3.3 Every agreement is entered into on our part subject to the condition precedent that the other party is sufficiently creditworthy for the financial fulfillment of the agreement. 
3.4 We are entitled upon or after entering into the agreement, before performing (further), to demand security from the other obligations will be met. If the requested security is not demonstrated, or in an inadequate manner, or the legal form of the counterparty has changed, we have the right to dissolve the agreement without judicial intervention in whole or in part and to take back the already delivered and not yet processed, without prejudice the rights to us then in payment of what is due on termination of the agreement due to work performed, deliveries made and costs incurred.
3.5 We are entitled, if we deem this necessary, to engage others for the correct execution of the agreement, the costs of which will be passed on to the other party in accordance with the quotations provided. If possible and / or if necessary, we will consult with the other party on this.
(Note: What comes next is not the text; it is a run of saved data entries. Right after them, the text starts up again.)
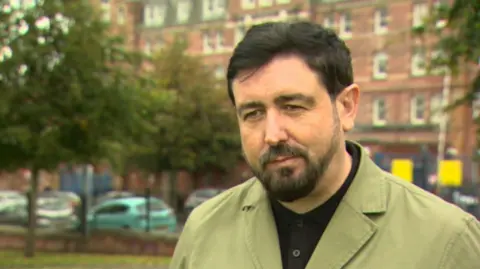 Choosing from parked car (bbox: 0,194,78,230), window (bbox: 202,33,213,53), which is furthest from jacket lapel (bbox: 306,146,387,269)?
window (bbox: 202,33,213,53)

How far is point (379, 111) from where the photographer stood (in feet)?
148

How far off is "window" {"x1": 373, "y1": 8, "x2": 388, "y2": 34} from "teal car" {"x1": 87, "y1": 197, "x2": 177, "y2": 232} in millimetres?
25144

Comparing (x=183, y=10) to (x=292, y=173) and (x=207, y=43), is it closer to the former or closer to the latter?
(x=207, y=43)

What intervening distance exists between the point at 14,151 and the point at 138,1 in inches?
1643

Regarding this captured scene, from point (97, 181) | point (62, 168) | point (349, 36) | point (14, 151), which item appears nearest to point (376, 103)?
point (349, 36)

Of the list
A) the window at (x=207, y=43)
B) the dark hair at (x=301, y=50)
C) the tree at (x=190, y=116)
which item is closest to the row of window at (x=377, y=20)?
the tree at (x=190, y=116)

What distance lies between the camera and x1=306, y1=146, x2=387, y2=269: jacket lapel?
2.18 metres

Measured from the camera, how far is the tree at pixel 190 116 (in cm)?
3650

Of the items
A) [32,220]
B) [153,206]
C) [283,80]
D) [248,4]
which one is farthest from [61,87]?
[248,4]

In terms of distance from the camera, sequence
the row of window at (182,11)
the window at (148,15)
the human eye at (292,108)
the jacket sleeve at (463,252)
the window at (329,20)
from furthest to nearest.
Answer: the window at (148,15)
the row of window at (182,11)
the window at (329,20)
the human eye at (292,108)
the jacket sleeve at (463,252)

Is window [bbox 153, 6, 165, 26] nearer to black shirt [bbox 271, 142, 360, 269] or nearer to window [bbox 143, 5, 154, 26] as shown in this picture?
window [bbox 143, 5, 154, 26]

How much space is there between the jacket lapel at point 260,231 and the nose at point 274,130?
0.30 m

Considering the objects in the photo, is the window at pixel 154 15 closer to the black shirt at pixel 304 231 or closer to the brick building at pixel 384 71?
the brick building at pixel 384 71

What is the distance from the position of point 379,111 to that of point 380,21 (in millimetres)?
5288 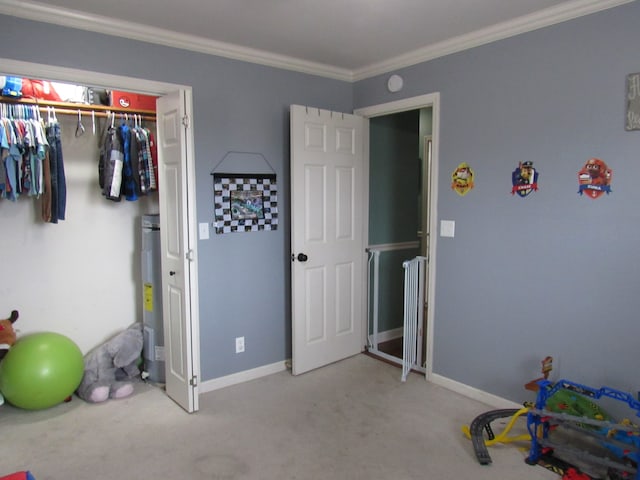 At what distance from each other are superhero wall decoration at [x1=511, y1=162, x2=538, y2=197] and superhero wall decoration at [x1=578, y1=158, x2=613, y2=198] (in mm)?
253

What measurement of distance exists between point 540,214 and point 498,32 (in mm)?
1170

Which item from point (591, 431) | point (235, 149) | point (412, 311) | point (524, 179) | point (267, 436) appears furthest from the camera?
point (412, 311)

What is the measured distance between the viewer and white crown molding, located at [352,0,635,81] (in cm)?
239

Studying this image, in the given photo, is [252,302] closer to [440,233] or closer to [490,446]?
[440,233]

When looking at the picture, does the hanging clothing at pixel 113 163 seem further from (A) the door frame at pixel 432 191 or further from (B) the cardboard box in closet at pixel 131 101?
(A) the door frame at pixel 432 191

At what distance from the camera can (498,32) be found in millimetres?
2773

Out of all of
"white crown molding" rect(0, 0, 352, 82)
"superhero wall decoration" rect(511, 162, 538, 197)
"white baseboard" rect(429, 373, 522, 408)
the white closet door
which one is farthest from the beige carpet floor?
"white crown molding" rect(0, 0, 352, 82)

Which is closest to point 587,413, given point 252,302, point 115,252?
point 252,302

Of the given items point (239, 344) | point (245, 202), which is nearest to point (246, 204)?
point (245, 202)

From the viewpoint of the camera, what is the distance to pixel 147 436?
2635 mm

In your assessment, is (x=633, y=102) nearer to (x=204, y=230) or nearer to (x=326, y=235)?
(x=326, y=235)

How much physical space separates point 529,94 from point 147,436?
10.1 ft

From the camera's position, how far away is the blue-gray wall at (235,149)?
9.46 feet

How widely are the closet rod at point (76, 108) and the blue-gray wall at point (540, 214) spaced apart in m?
2.06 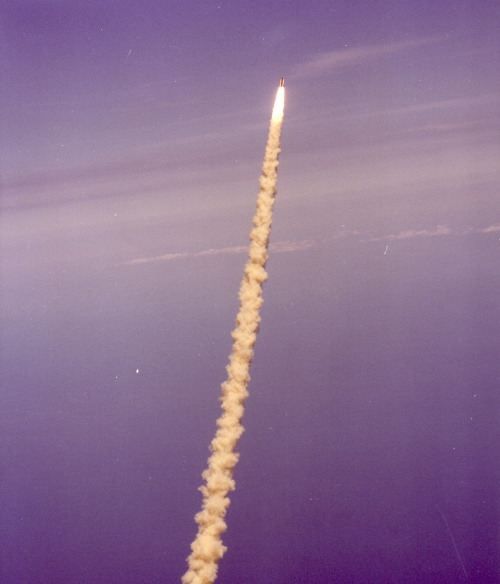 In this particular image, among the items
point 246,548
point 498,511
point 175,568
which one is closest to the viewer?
point 175,568

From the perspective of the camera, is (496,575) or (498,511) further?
(498,511)

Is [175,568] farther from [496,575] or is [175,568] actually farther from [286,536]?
[496,575]

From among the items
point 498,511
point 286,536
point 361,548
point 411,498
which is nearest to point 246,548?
point 286,536

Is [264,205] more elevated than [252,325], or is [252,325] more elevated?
[264,205]

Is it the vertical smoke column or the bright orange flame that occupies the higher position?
the bright orange flame

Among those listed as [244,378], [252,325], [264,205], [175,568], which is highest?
[264,205]

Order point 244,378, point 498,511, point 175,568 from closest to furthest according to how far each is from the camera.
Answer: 1. point 244,378
2. point 175,568
3. point 498,511

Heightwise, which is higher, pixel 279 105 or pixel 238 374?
pixel 279 105

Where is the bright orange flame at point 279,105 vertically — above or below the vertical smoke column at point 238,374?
above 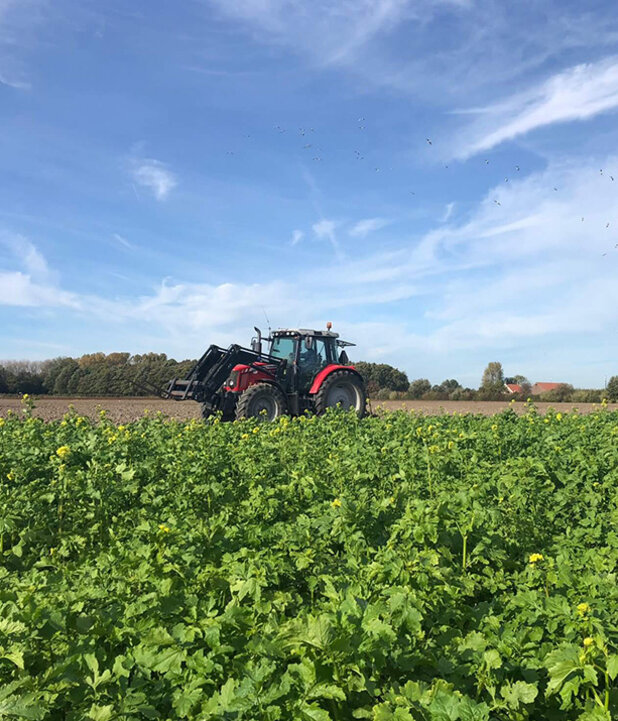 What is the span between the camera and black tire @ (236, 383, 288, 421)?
12758 mm

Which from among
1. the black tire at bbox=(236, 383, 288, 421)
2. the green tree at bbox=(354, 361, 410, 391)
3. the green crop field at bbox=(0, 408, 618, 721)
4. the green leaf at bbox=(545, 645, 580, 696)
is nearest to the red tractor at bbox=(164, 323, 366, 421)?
the black tire at bbox=(236, 383, 288, 421)

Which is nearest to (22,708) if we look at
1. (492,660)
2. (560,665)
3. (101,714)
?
(101,714)

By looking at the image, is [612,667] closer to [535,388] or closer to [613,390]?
[613,390]

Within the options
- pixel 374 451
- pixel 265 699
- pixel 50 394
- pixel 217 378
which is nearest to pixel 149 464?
pixel 374 451

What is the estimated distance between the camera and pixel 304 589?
3779mm

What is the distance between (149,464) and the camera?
5805mm

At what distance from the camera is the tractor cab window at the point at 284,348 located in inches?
Result: 573

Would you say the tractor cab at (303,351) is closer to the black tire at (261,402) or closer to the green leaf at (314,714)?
the black tire at (261,402)

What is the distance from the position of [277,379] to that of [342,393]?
5.83 ft

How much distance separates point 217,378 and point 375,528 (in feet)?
31.8

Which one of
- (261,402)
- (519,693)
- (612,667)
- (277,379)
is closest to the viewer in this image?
(612,667)

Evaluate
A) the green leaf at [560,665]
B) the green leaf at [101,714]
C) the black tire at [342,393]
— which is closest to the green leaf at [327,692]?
the green leaf at [101,714]

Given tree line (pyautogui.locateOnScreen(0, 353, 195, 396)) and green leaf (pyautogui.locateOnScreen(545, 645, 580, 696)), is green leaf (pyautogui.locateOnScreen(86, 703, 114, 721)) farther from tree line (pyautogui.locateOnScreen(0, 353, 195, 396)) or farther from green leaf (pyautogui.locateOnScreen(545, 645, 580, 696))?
tree line (pyautogui.locateOnScreen(0, 353, 195, 396))

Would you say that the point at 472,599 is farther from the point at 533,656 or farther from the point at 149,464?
the point at 149,464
4. Permissible deviations from the order confirmation
4.1 With respect to the specifications stated in the order confirmation, the following deviations are permissible both upwards and downwards. For the purpose of assessing whether these deviations have been exceeded, the average of the total quantity delivered in a type, quality, color and design will be the criterion. For other properties than for which the permissible deviations have been mentioned below, the deviations permitted in earlier deliveries will be permissible and, in the absence thereof, the usual deviations.
4.2 Quantity
For the ordered quantity a reasonable more or less percentage is permissable. In this it is considered reasonable to be the percentage that is customary in the industry. The term 'batch' is understood to mean the agreed quantity in a type, quality, color and design. If a minimum or maximum quantity has been agreed, the double percentage upwards or downwards is permissible. If a party is subdivided by the counterparty into different manufacturing batches, the above percentages apply to each of the manufacturing batches. If a lot is delivered by us in parts, the above percentages apply to the total lot. If it has been agreed that a batch is divided over a number of packages with a provision concerning the weight, number of length per package, such a provision is entirely without obligation and the above percentages apply tot the entire lot. In the case of permissible deviations from the agreed quantity, the quantity actually delivered will be charged to the other party.
4.3 Colour
Deviations from the agreed color are permissible, except as they could and should have been prevented in the applied production methods. The shelf life of colors is not guaranteed, regardless of the use of indications as light-fast and light-resistant in correspondence, quotation or order confirmation.
4.4 Thickness and gram weight
The permissible deviations of agreed thickness and gram weight are for:
a. aluminium foil (whether or not as a component of another product) 8%
b. plastic film 10%, with a minimum of 0.01mm
c. other materials 15%
4.5 Thickness and gram weight
For sheets, rolls, bags and tapes, a minimum tolerance of 5% is permissible. The above deviations are also permissible. The above deviations are also permissible for precision rollers, unless explicitly agreed otherwise.

5. Prices
5.1 Unless otherwise stated, all quotations are subject to price changes.
5.2 Unless otherwise stated, our prices are:
- based on the level of purchase prices, wages, labor costs applicable during the offer or order date, social and government charges, freight, insurance premiums and other costs
- based on deliveries from our company, warehouse or other stock place
- exclusive of VAT, import duties, other taxes, levies and duties
- excluding the costs of packaging, loading and unloading, transport and insurance
- stated in Dutch currency, any exchange rate changes will be charged.
5.3 In the event of an increase of one or more cost price factors, we are entitled to increase the order price of the contract, all this taking into account any existing statutory regulations. If a price increase takes place within three months after the conclusion of the agreement, the customer will have the right to do so, provided it has been notified in writing within three days after we have been informed in writing by the customer of the price increase, to take back the assignment and to compensate for it of the already performed, on the basis of the prices applicable to the increase. This provision does not apply to price increases that we are obliged or authorized to do on the basis of statutory provisions.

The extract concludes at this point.